Input for this task section start
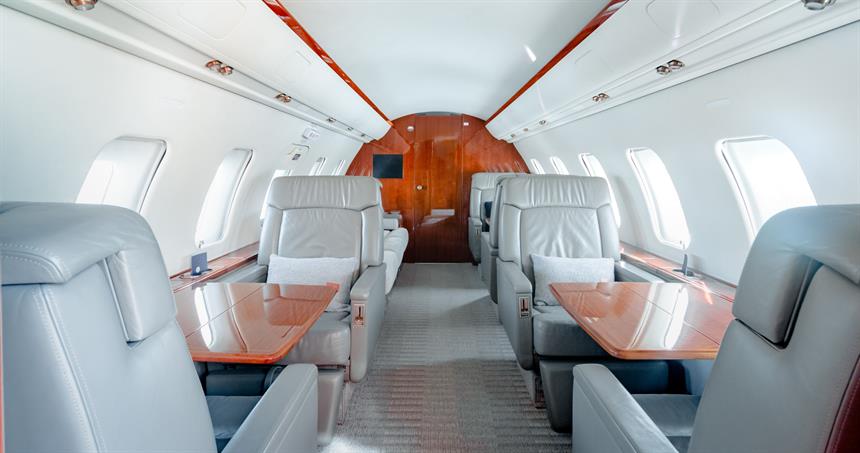 Challenger 605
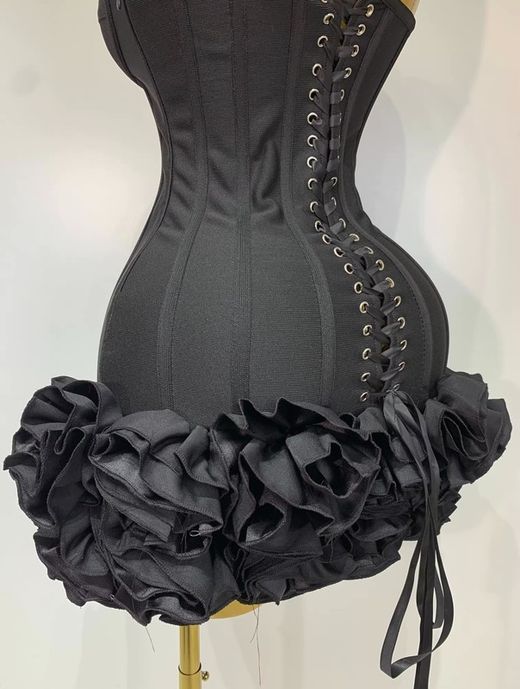 Vestido modelo Virginas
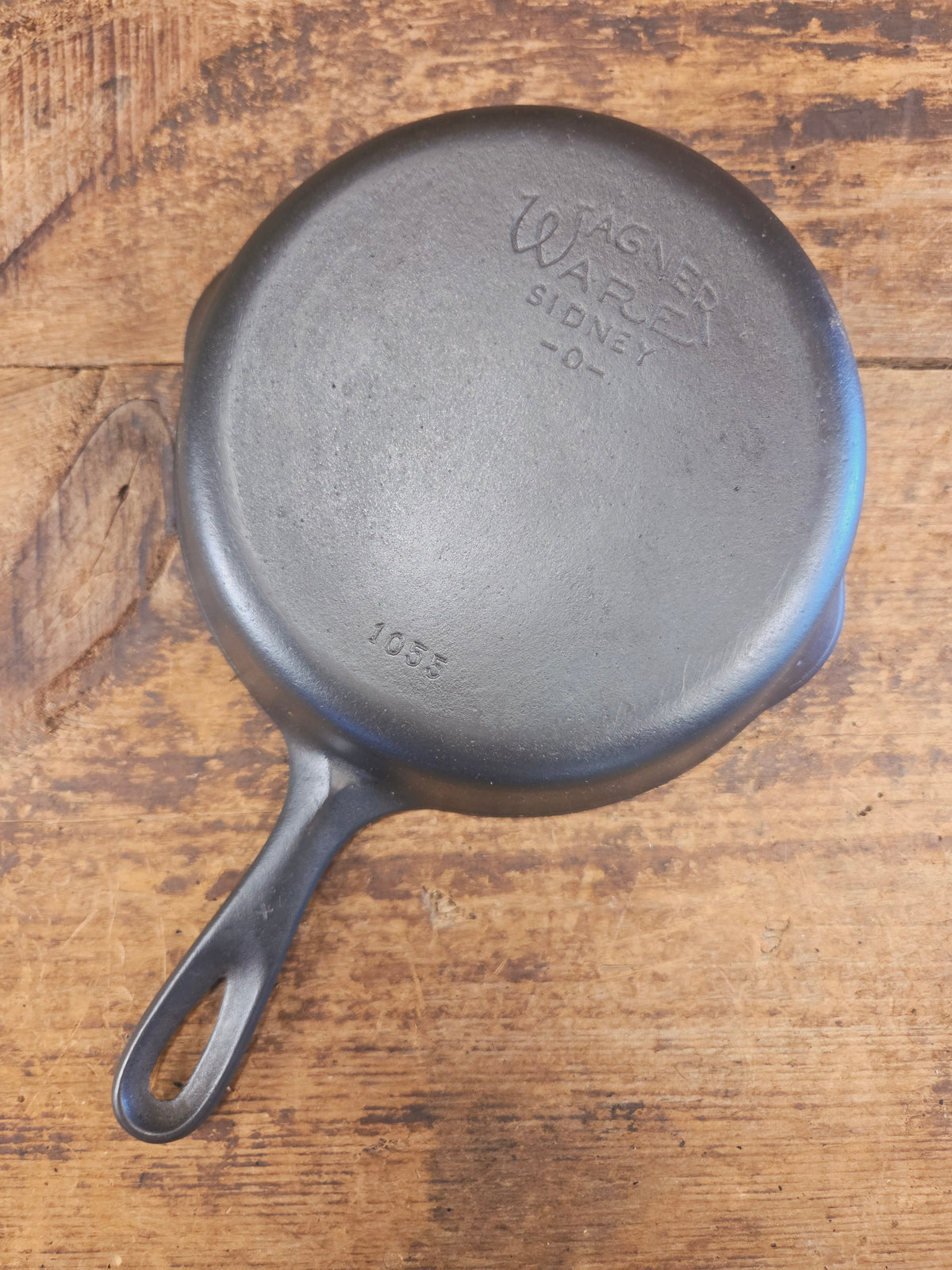 Great first pan! 1930’s Wagner #5 Skillet with Stylized Logo 1055 - Skillet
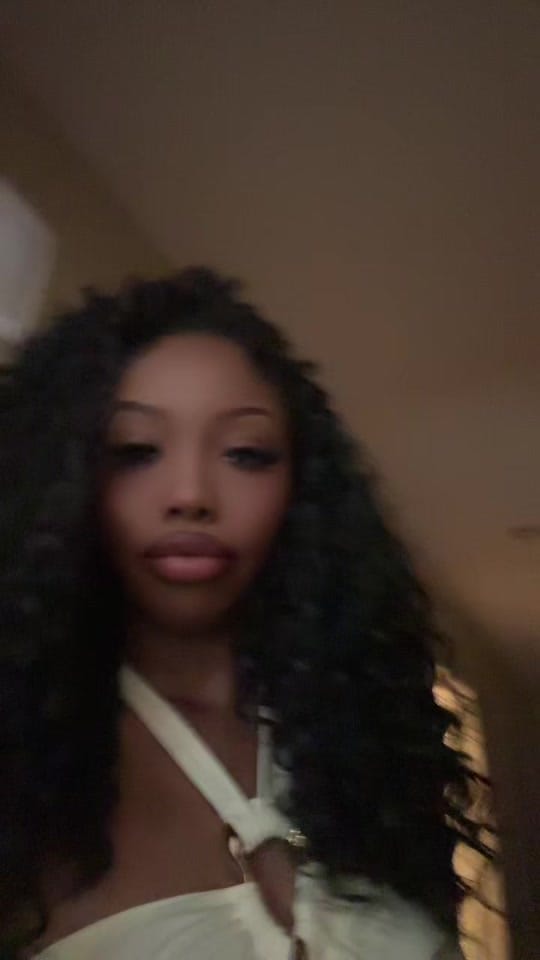 Post 4 by chels on TikTok (video)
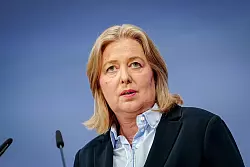 Sozialministerin B&auml;rbel Bas bringt am Mittwoch ihr Rentenpaket ins Kabinett ein. (Archivbild) - &copy; Kay Nietfeld/dpa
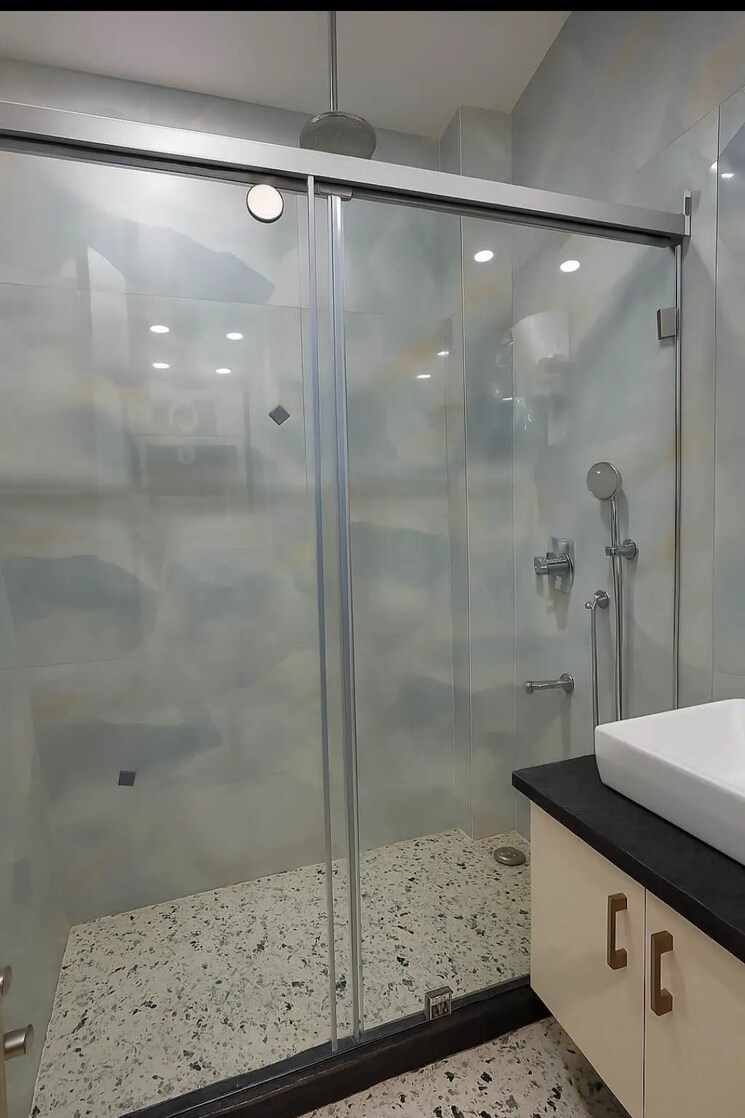 Master Bedroom, panchsheel park 3 Bedroom 300 Sq.Yd. Builder Floor In Panchsheel Park Delhi 9012754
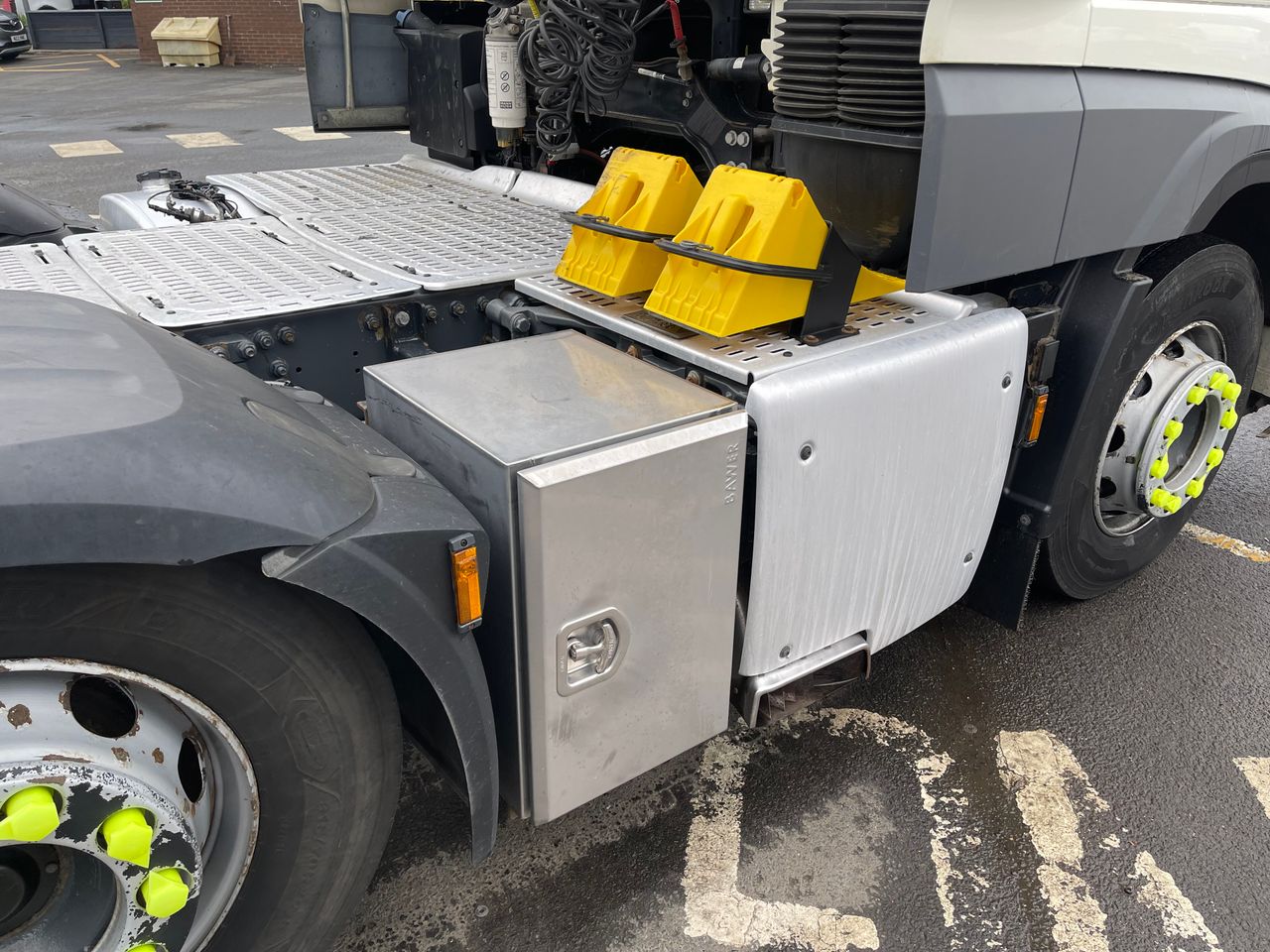Ready to go DAF XF 480, Tractor Unit, 480, 44 Tonne, Space Cab, Automatic, Alloy Fuel Tank, Cab Sunvisor , Central Locking, Driver Comfort Air Seat with Red Seatbelts, Jost Sliding 5th Wheel, , -, - | for sale at MV Commercial, the UKs leading Truck, Trailers and Van supplier. (PN70CYJ 372458)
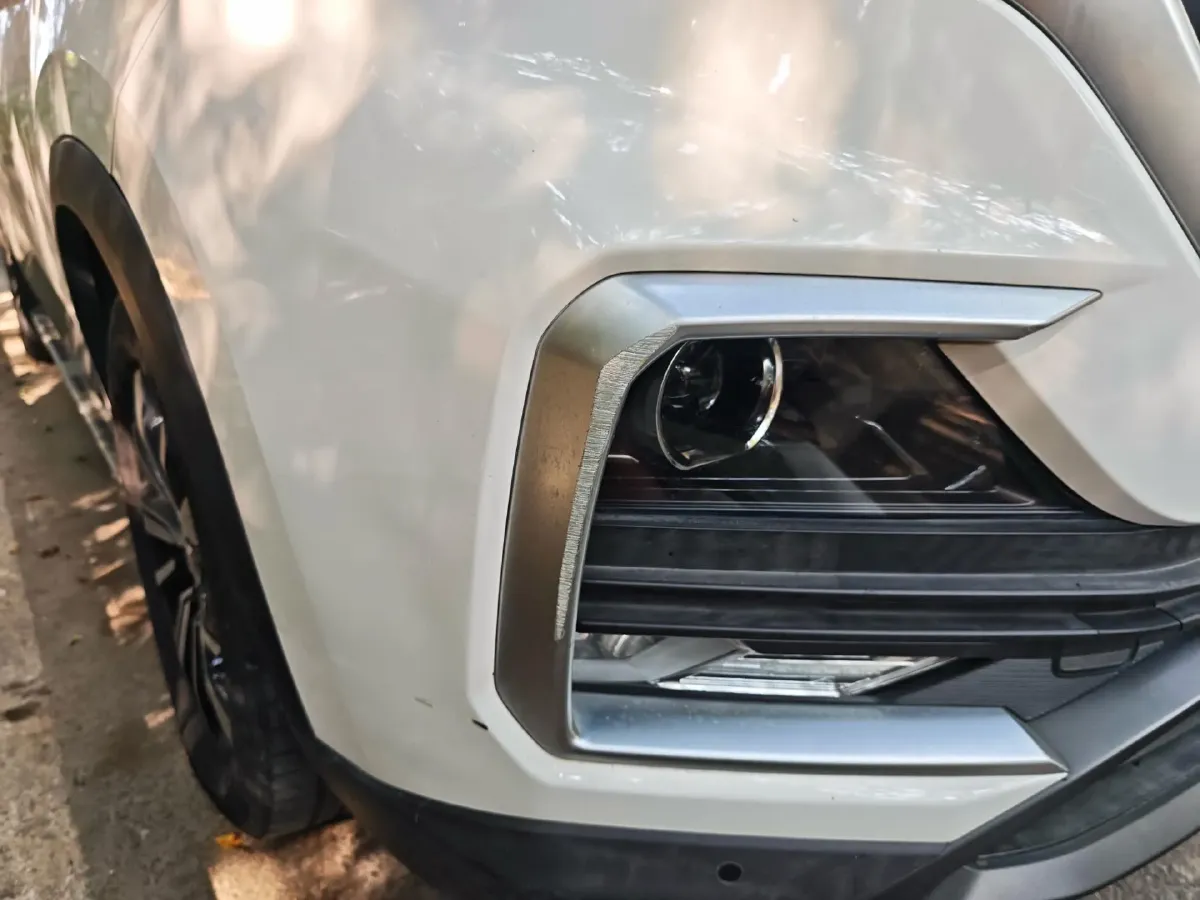 2019 BaoJun 530 1.5T 151HP L4 CVT,autocango,china used car exporter,china ev exporter,chinese used car exporter,chinese used ev exporter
Input for this task section end
— Aim of the exercise —
The response must restate exactly the lines from the one containing "Ready to go" through the end of the records above and must leave out all pictures.

— Exercise answer —
Ready to go DAF XF 480, Tractor Unit, 480, 44 Tonne, Space Cab, Automatic, Alloy Fuel Tank, Cab Sunvisor , Central Locking, Driver Comfort Air Seat with Red Seatbelts, Jost Sliding 5th Wheel, , -, - | for sale at MV Commercial, the UKs leading Truck, Trailers and Van supplier. (PN70CYJ 372458)
 2019 BaoJun 530 1.5T 151HP L4 CVT,autocango,china used car exporter,china ev exporter,chinese used car exporter,chinese used ev exporter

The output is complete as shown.